Usually, a Kubernetes Controller utilizes the synchronization loop pattern to check if the desired state in the controller is updated or a change is required. To this purpose, we need to build a model using different objects from the cluster, in particular (in no special order) Ingresses, Services, Endpoints, Secrets, and Configmaps to generate a point in time configuration file that reflects the state of the cluster.
To get this object from the cluster, we use Kubernetes Informers, in particular,
FilteredSharedInformer. This informers allows reacting to changes in using callbacks to individual changes when a new object is added, modified or removed. Unfortunately, there is no way to know if a particular change is going to affect the final configuration file. Therefore on every change, we have to rebuild a new model from scratch based on the state of cluster and compare it to the current model. If the new model equals to the current one, then we avoid generating a new NGINX configuration and triggering a reload. Otherwise, we check if the difference is only about Endpoints. If so we then send the new list of Endpoints to a Lua handler running inside Nginx using HTTP POST request and again avoid generating a new NGINX configuration and triggering a reload. If the difference between running and new model is about more than just Endpoints we create a new NGINX configuration based on the new model, replace the current model and trigger a reload.
One of the uses of the model is to avoid unnecessary reloads when there's no change in the state and to detect conflicts in definitions.
The final representation of the NGINX configuration is generated from a Go template using the new model as input for the variables required by the template.
Building the NGINX model¶
Building a model is an expensive operation, for this reason, the use of the synchronization loop is a must. By using a work queue it is possible to not lose changes and remove the use of sync.Mutex to force a single execution of the sync loop and additionally it is possible to create a time window between the start and end of the sync loop that allows us to discard unnecessary updates. It is important to understand that any change in the cluster could generate events that the informer will send to the controller and one of the reasons for the work queue.
Operations to build the model:
- Order Ingress rules by
ResourceVersionfield, i.e., old rules first.
- If the same path for the same host is defined in more than one Ingress, the oldest rule wins.
- If more than one Ingress contains a TLS section for the same host, the oldest rule wins.
If multiple Ingresses define an annotation that affects the configuration of the Server block, the oldest rule wins.
Create a list of NGINX Servers (per hostname)
- Create a list of NGINX Upstreams
- If multiple Ingresses define different paths for the same host, the ingress controller will merge the definitions.
- Annotations are applied to all the paths in the Ingress.
- Multiple Ingresses can define different annotations. These definitions are not shared between Ingresses.
When a reload is required¶
The next list describes the scenarios when a reload is required:
- New Ingress Resource Created.
- TLS section is added to existing Ingress.
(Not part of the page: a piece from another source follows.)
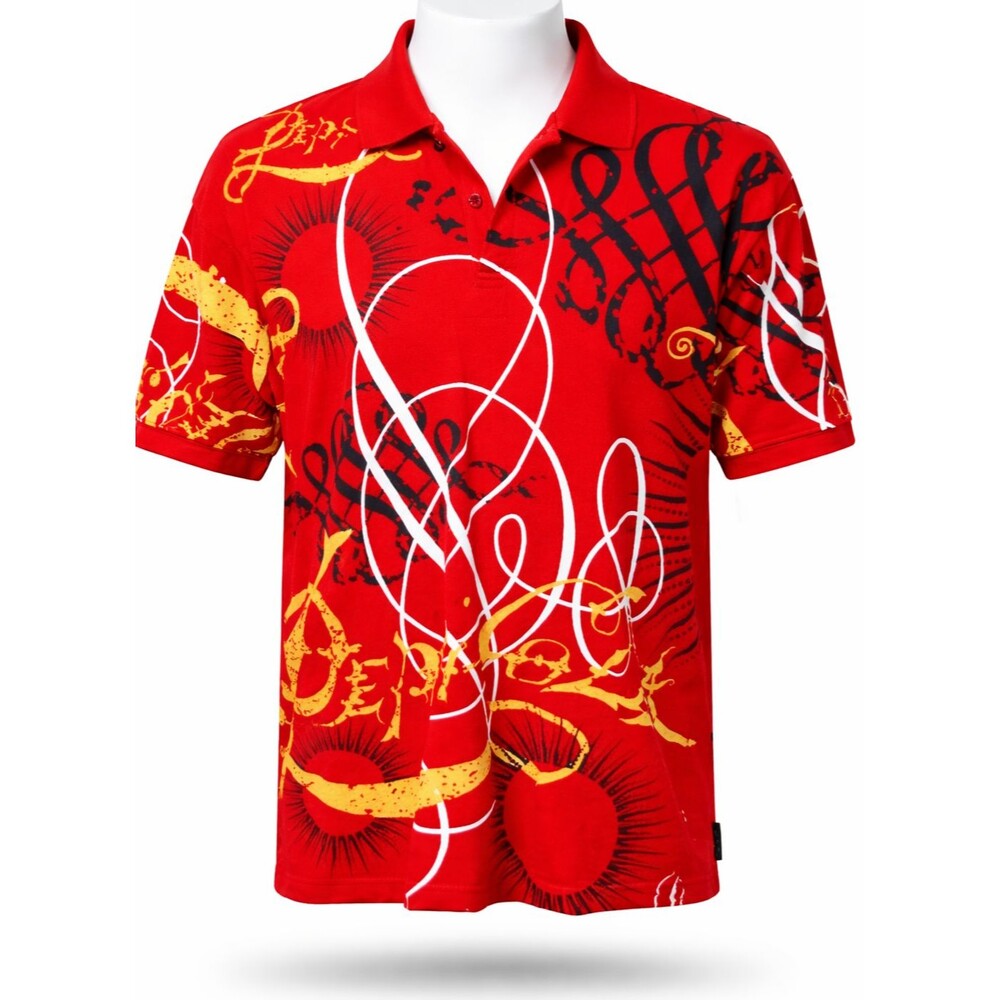 Unique Pepsi Cola Polo Shirt Men’s Large Red Black Yellow White Graphic Script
- Change in Ingress annotations that impacts more than just upstream configuration. For instance
load-balanceannotation does not require a reload.
- A path is added/removed from an Ingress.
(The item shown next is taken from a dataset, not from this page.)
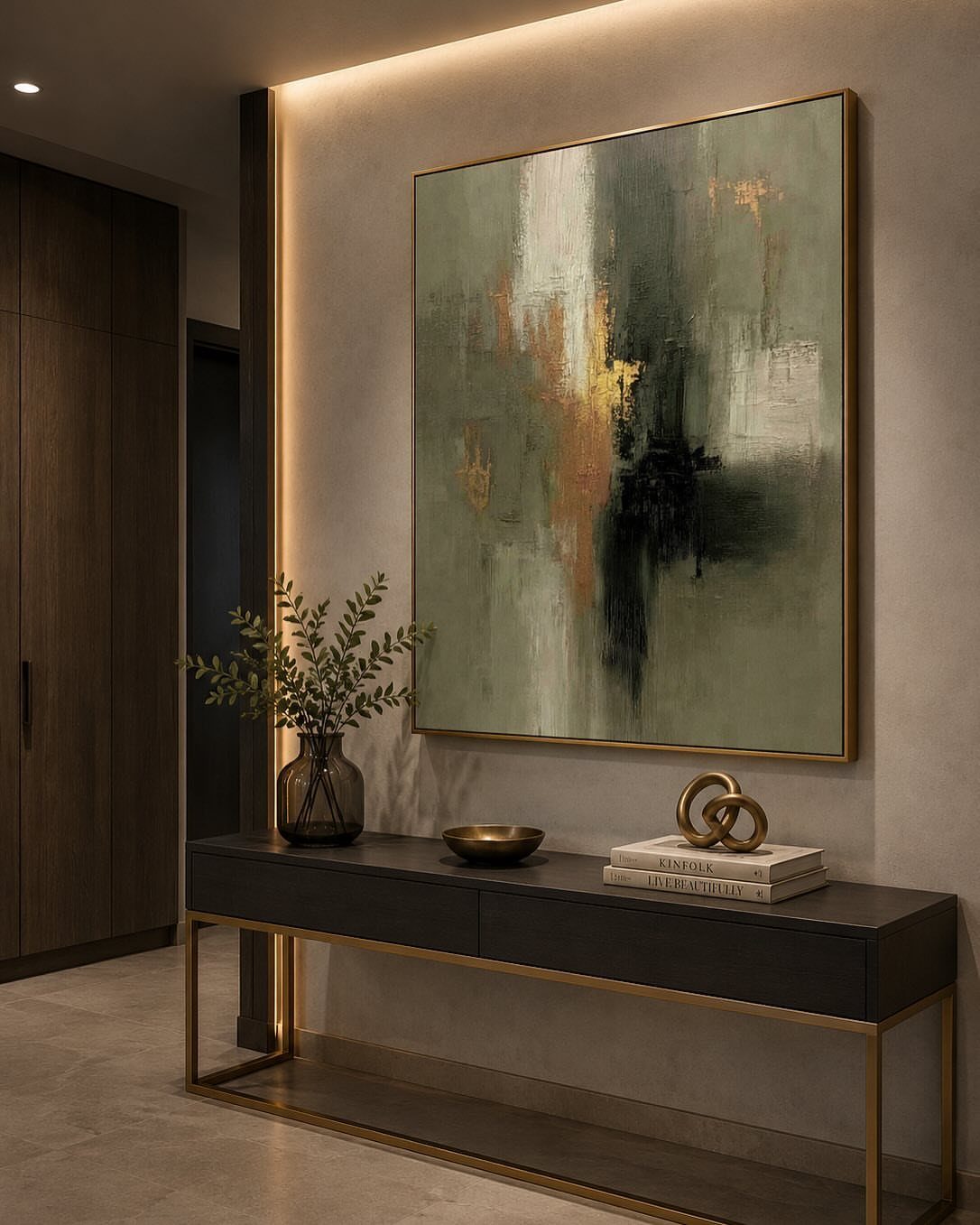 Abstract olive green painting above a black and gold console table in a room.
- An Ingress, Service, Secret is removed.
- Some missing referenced object from the Ingress is available, like a Service or Secret.
- A Secret is updated.
In some cases, it is possible to avoid reloads, in particular when there is a change in the endpoints, i.e., a pod is started or replaced. It is out of the scope of this Ingress controller to remove reloads completely. This would require an incredible amount of work and at some point makes no sense. This can change only if NGINX changes the way new configurations are read, basically, new changes do not replace worker processes.
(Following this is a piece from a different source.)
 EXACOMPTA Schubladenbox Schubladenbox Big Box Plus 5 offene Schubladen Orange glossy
Avoiding reloads on Endpoints changes¶
On every endpoint change the controller fetches endpoints from all the services it sees and generates corresponding Backend objects. It then sends these objects to a Lua handler running inside Nginx. The Lua code in turn stores those backends in a shared memory zone. Then for every request Lua code running in
balancer_by_lua context detects what endpoints it should choose upstream peer from and applies the configured load balancing algorithm to choose the peer. Then Nginx takes care of the rest. This way we avoid reloading Nginx on endpoint changes. Note that this includes annotation changes that affects only
upstream configuration in Nginx as well.
In a relatively big clusters with frequently deploying apps this feature saves significant number of Nginx reloads which can otherwise affect response latency, load balancing quality (after every reload Nginx resets the state of load balancing) and so on.